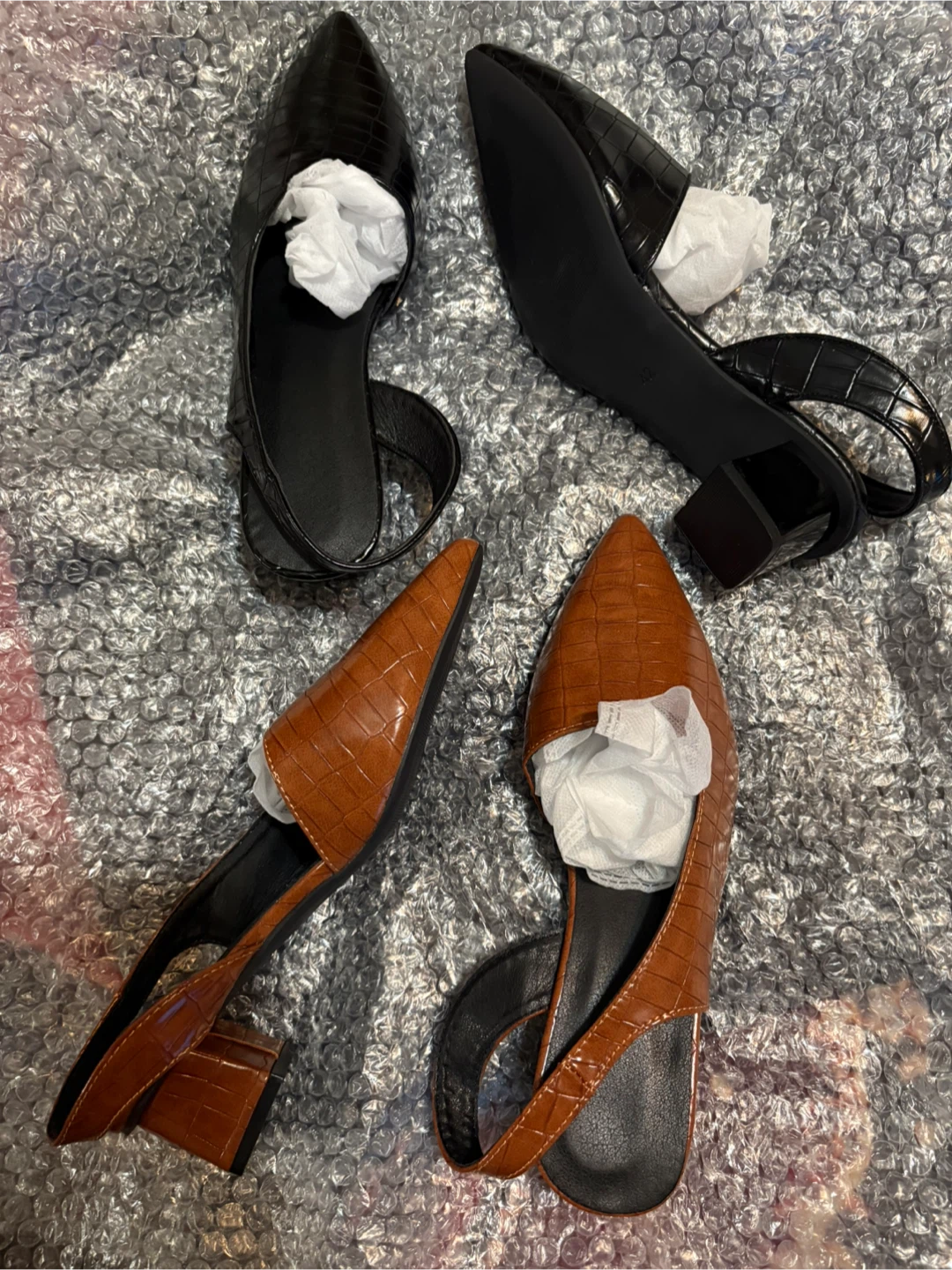 I am selling two pair of brand new shoes - photo 2
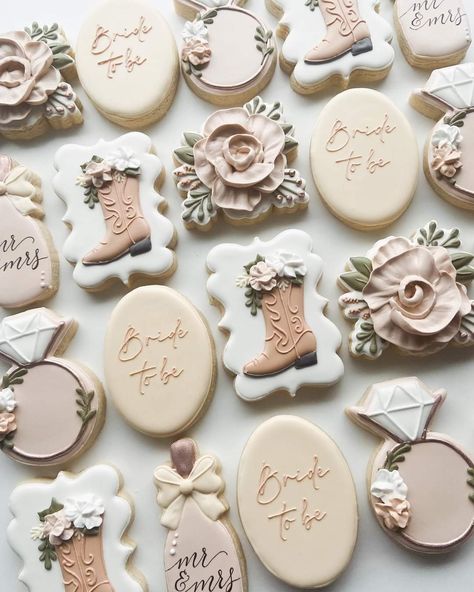 Rustic Bridal Shower Cookies, Western Bridal Shower Cookies, Cowgirl Cookies Decorated, Bachelorette Cookies Decorated, Fondant Biscuits, Western Cookies, Cowgirl Cookies, Wedding Sugar Cookies, Western Bridal Showers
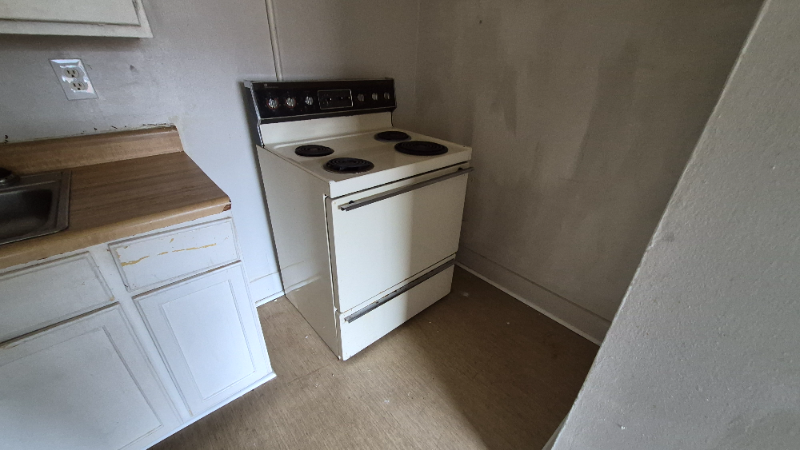 1118 Crocus Dr Apt B #B - Photo 3 of 4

-- Required action --
Since the pictures are not wanted, repeat only the rest of the material, exactly as given.

-- Output of the exercise --
 I am selling two pair of brand new shoes - photo 2
 Rustic Bridal Shower Cookies, Western Bridal Shower Cookies, Cowgirl Cookies Decorated, Bachelorette Cookies Decorated, Fondant Biscuits, Western Cookies, Cowgirl Cookies, Wedding Sugar Cookies, Western Bridal Showers
 1118 Crocus Dr Apt B #B - Photo 3 of 4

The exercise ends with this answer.